» Problem description
Reproduce the lines below exactly. Begin with the first, end with the line containing "سايبه البيع موديل", and leave out the pictures.

--------------------------------------------------

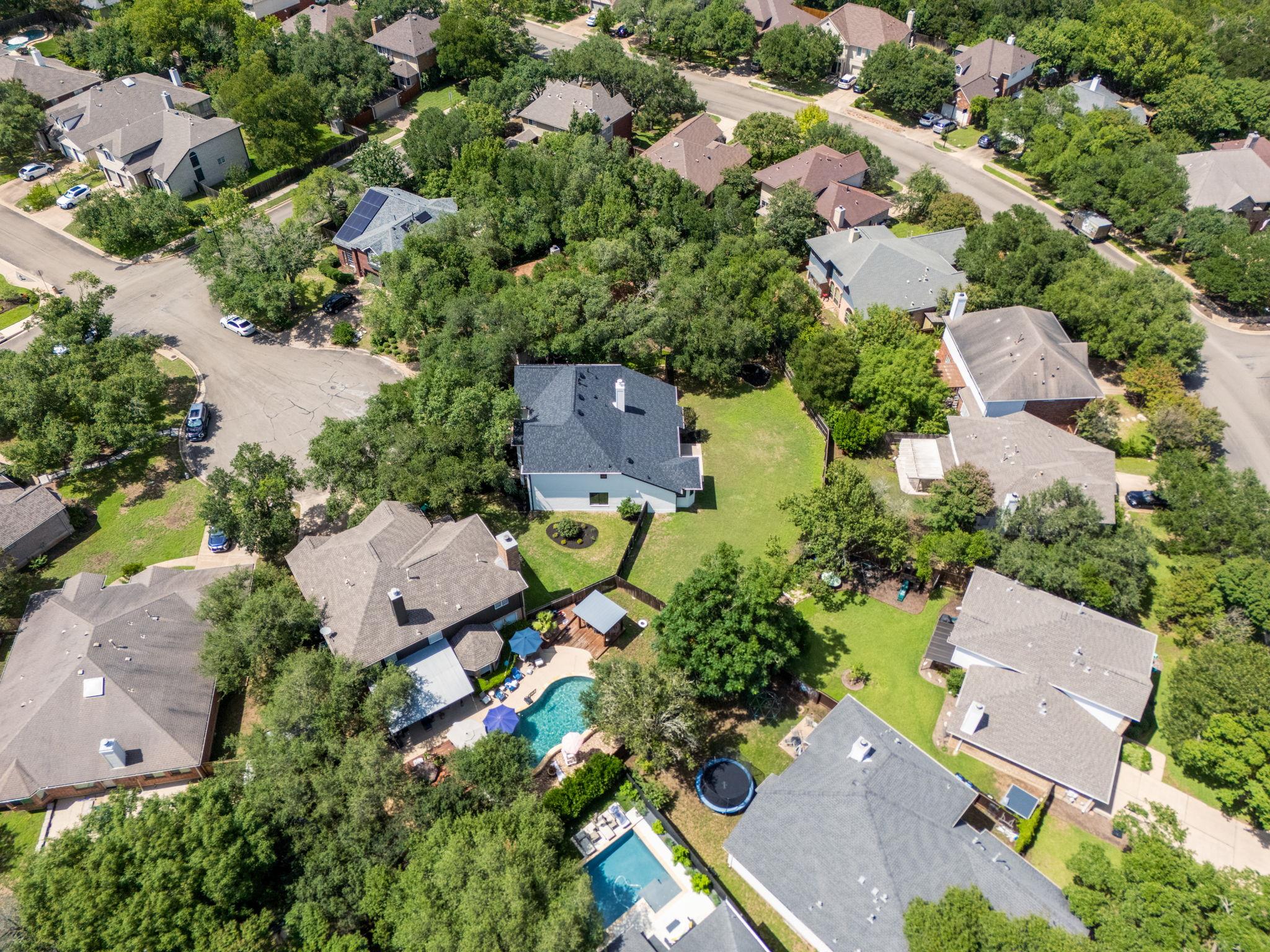 6000 Roxbury Ln, Austin, TX 78739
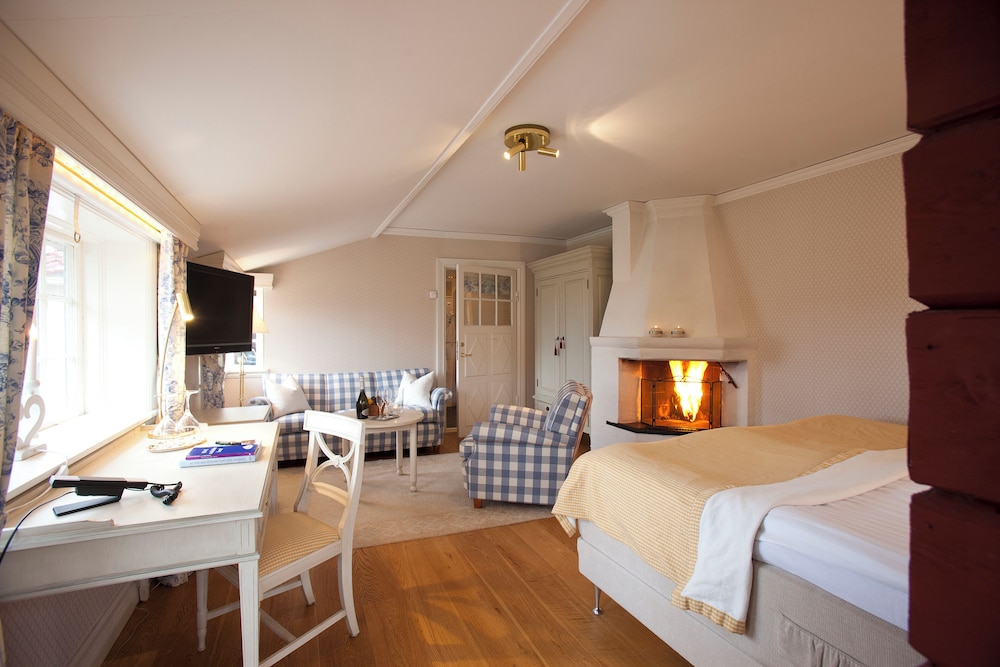 Romantic Double Room, Jetted Tub (Pets not allowed) photo 3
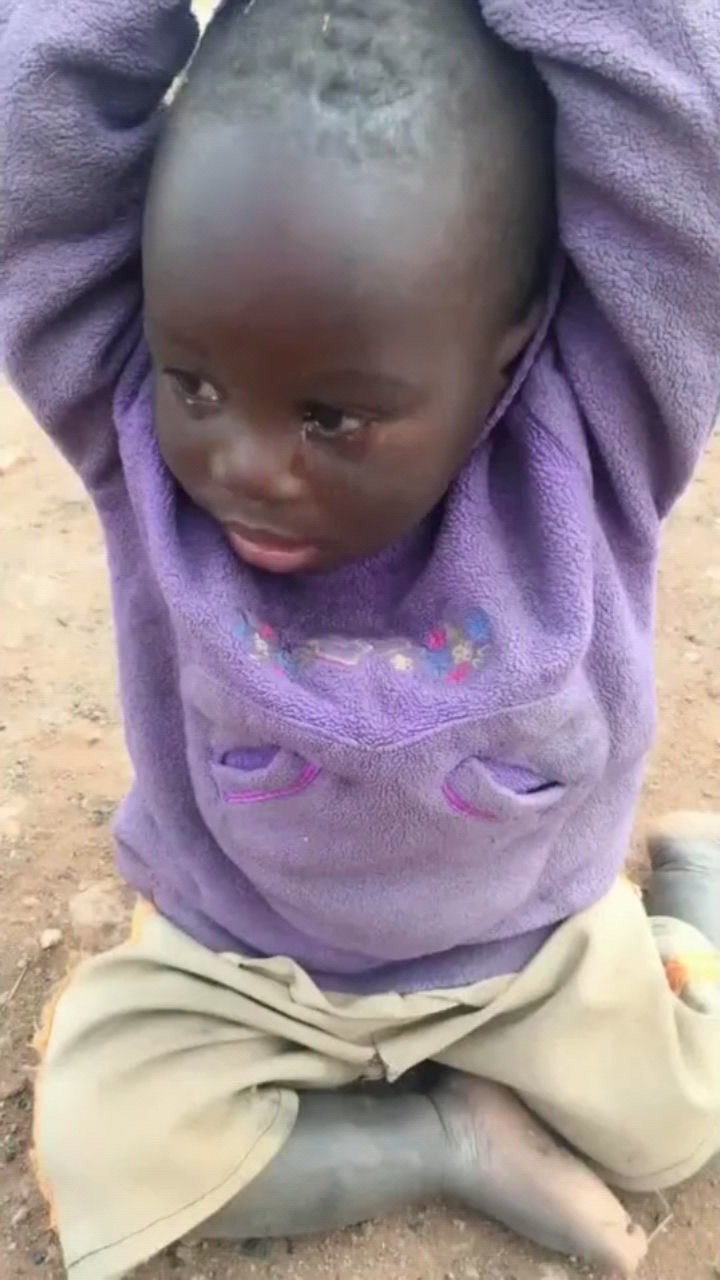 非洲贫民窟的孩子图片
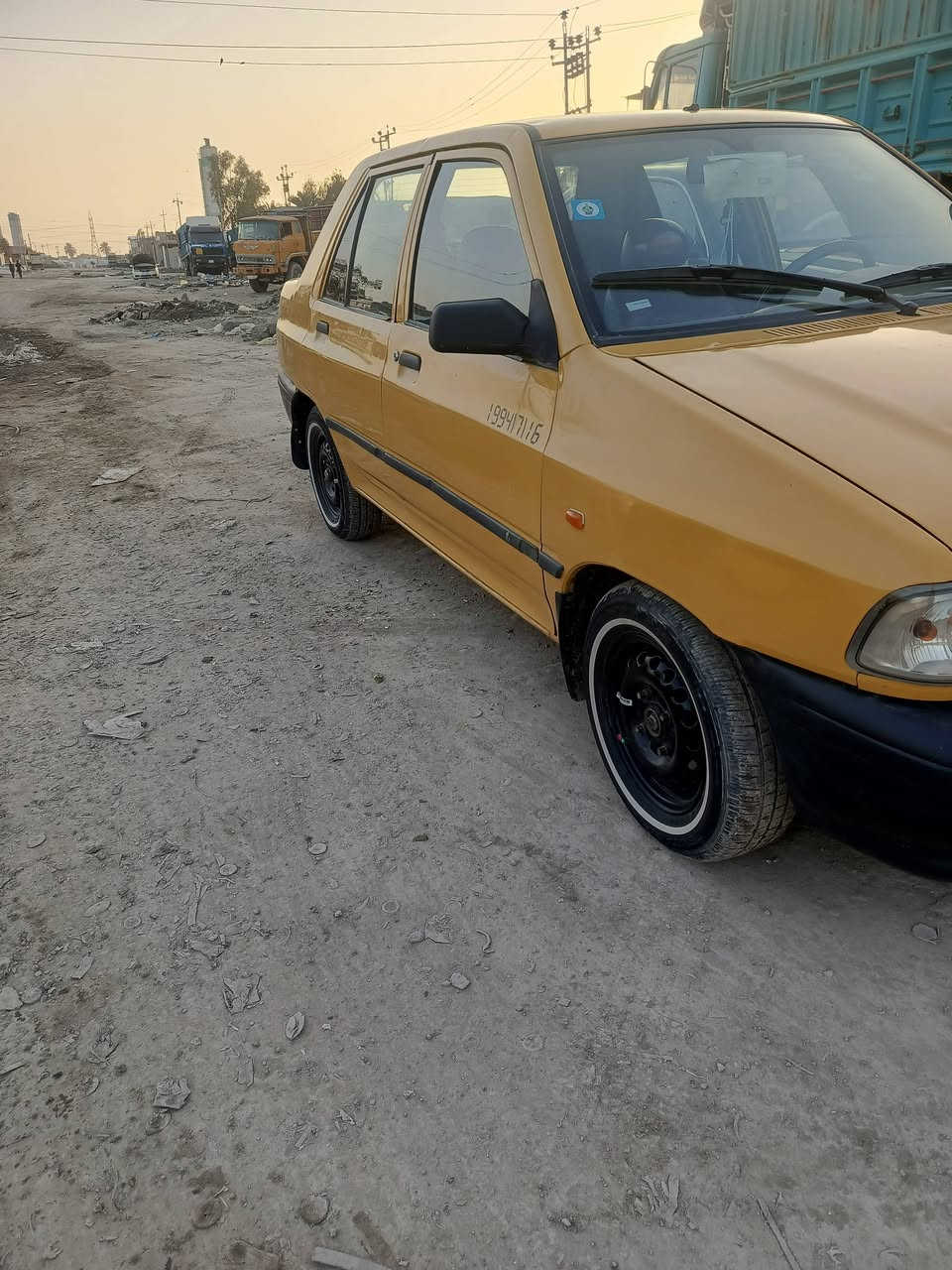 سايبه البيع موديل 2015رقم بغداد نكليزي وصل خط وبحث جديد  مكفوله من ضربه وصبغ تخم تاير جديد  محرك جديد تبريد شغال تدفئه شغاله داخل جديد مابيه اي نقص جاهزه الشغل ***********
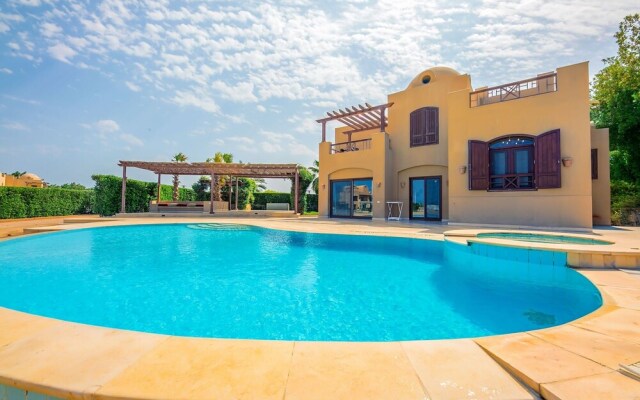 Vesta - Luxury Villa - 5 BR - Sabina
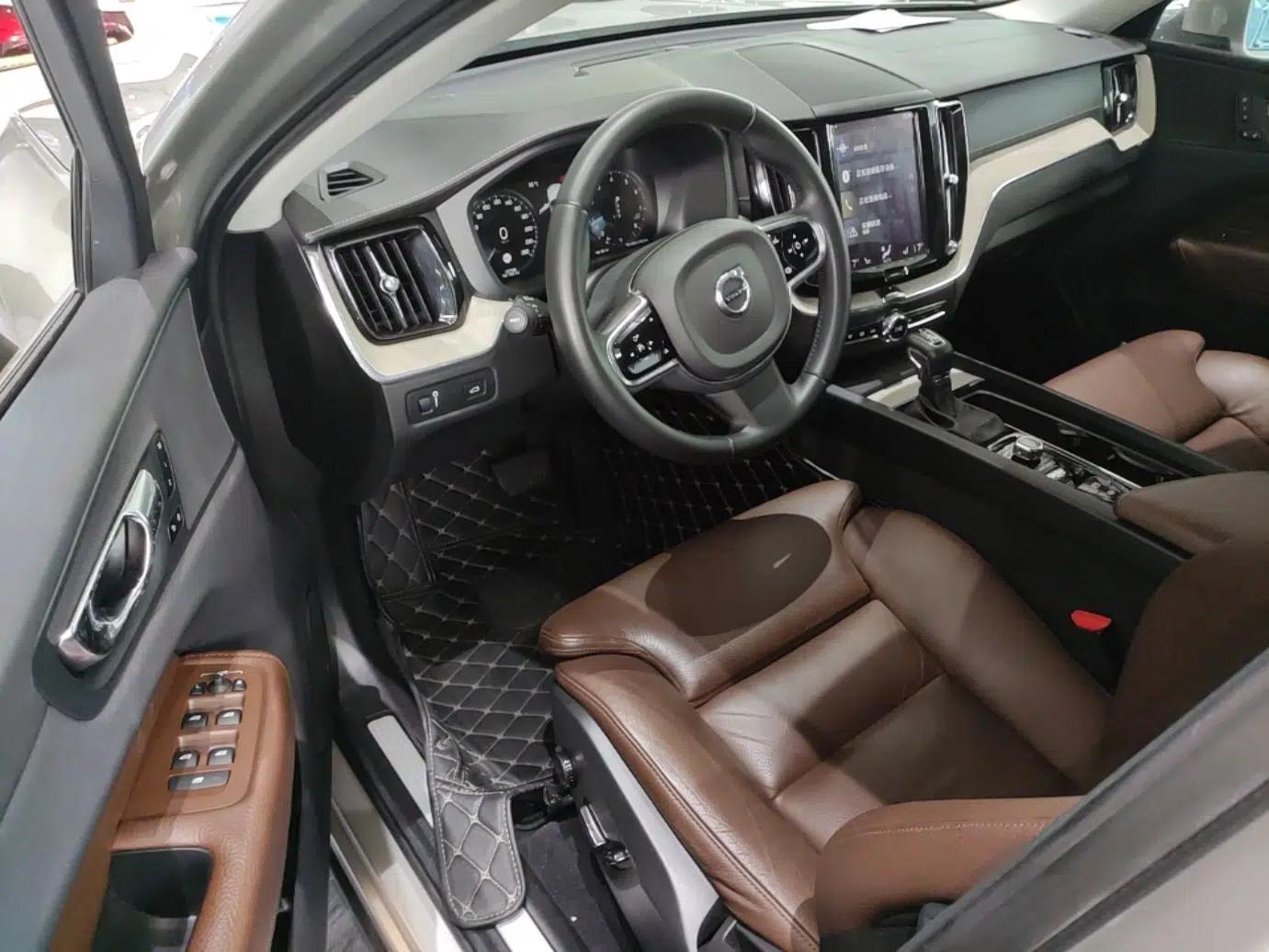 Volvo XC60 2020 T5 4x4 Smart Luxury Edition — миниатюра 18
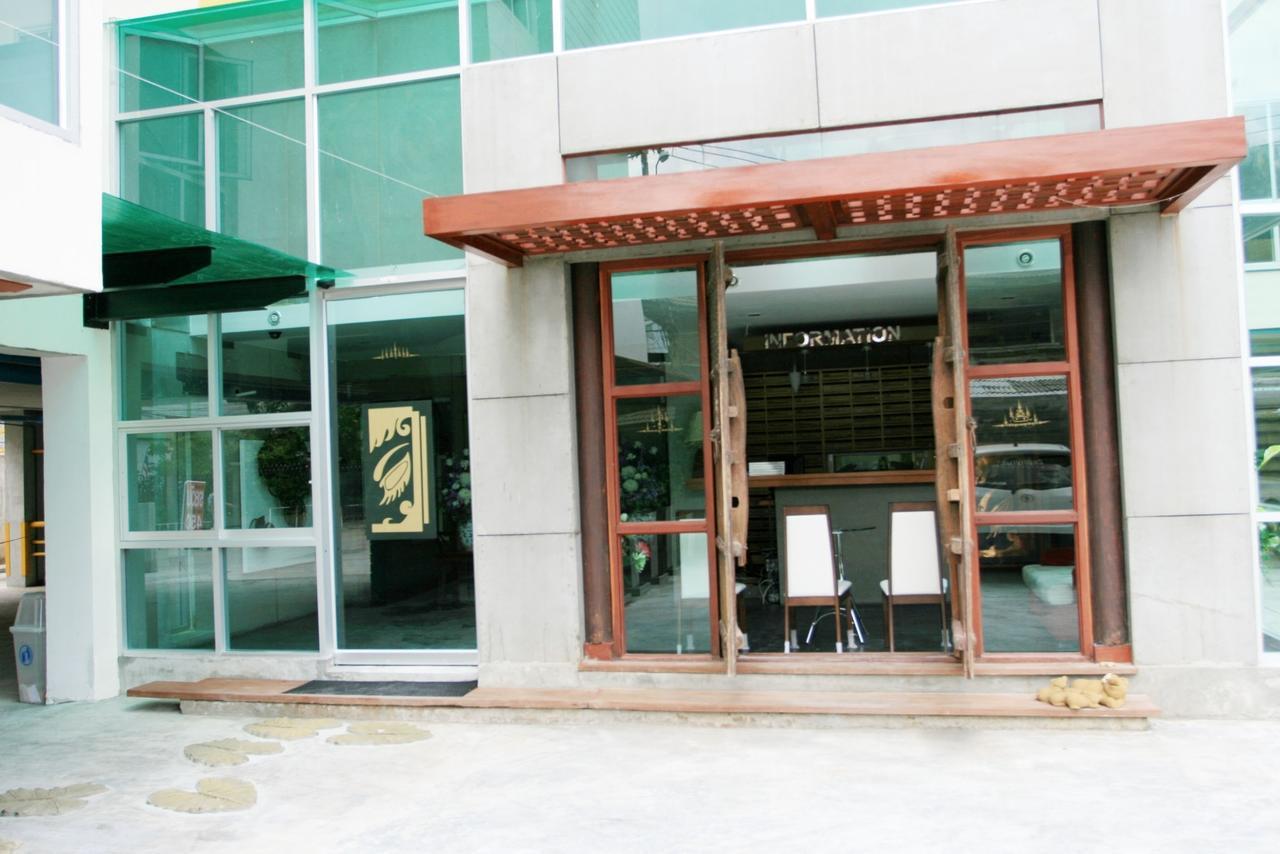 Bansabai Sabaidee Service Apartment Бангкок Экстерьер фото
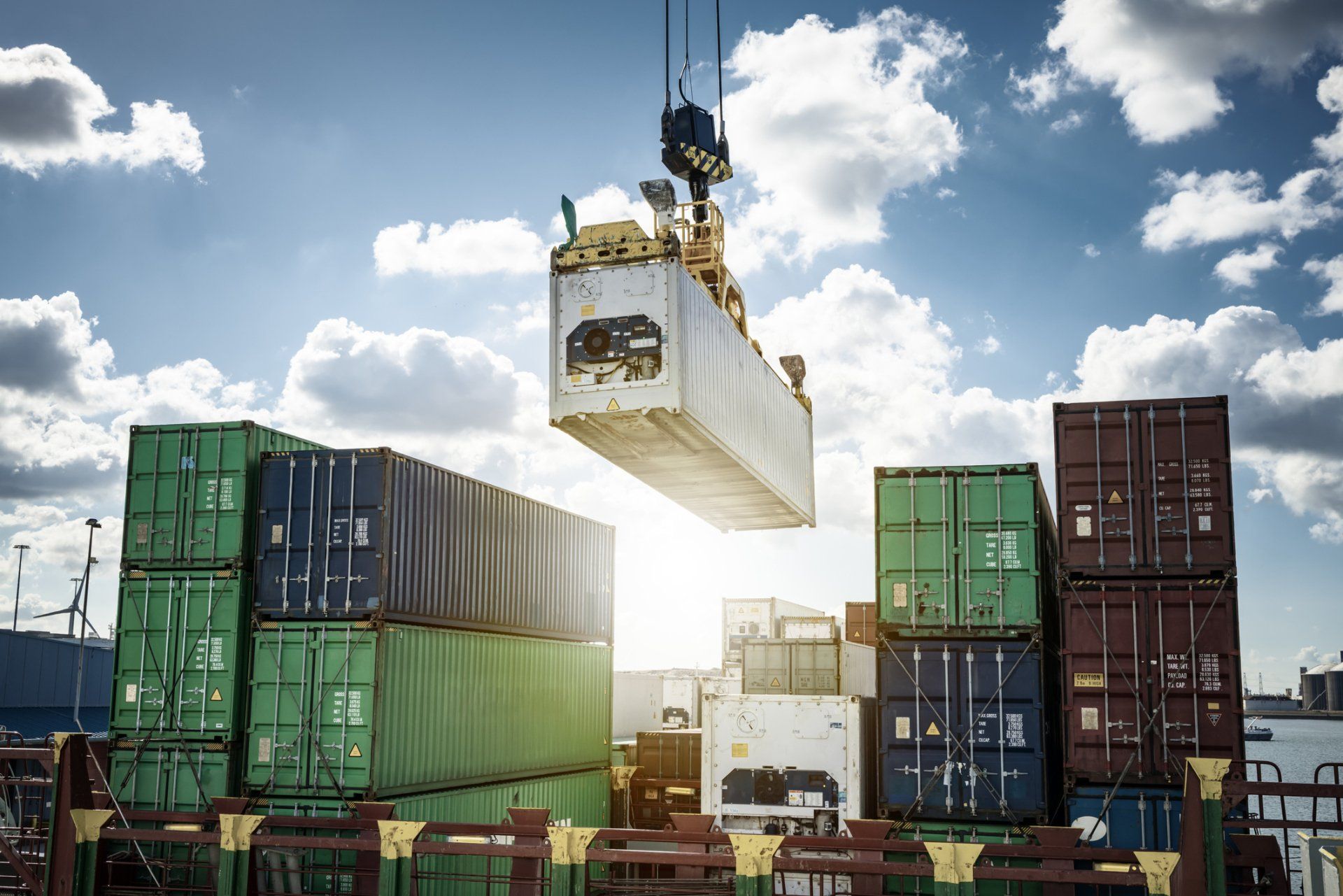 deposito con container metallici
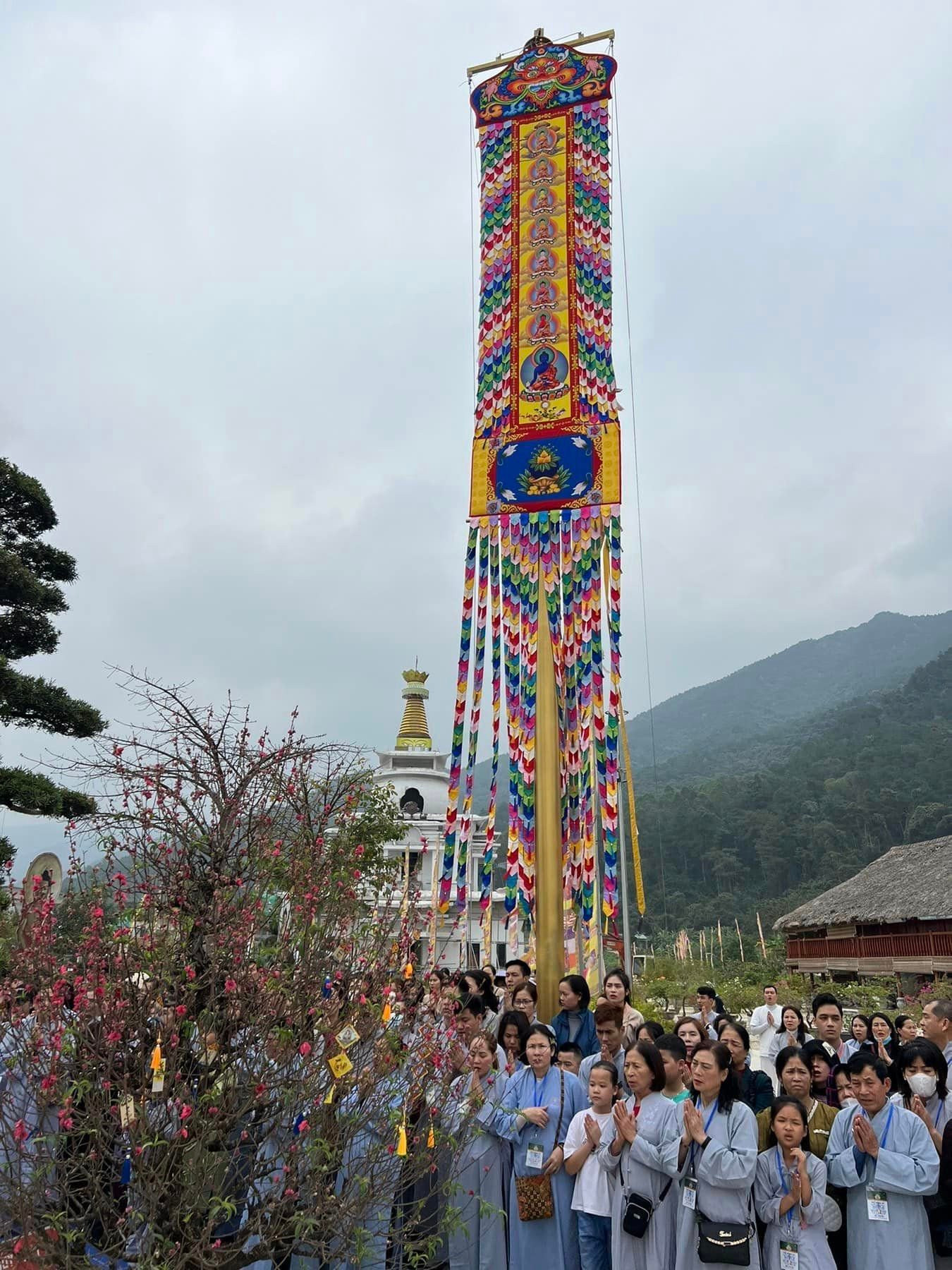 Lá phướn thất Phật Dược sư ngũ sắc dài 49 gang tay kiến lập y theo đúng trong Kinh Dược sư. Ảnh: Drukpa VN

--------------------------------------------------

» Response to the exercise
 6000 Roxbury Ln, Austin, TX 78739
 Romantic Double Room, Jetted Tub (Pets not allowed) photo 3
 非洲贫民窟的孩子图片
 سايبه البيع موديل 2015رقم بغداد نكليزي وصل خط وبحث جديد  مكفوله من ضربه وصبغ تخم تاير جديد  محرك جديد تبريد شغال تدفئه شغاله داخل جديد مابيه اي نقص جاهزه الشغل ***********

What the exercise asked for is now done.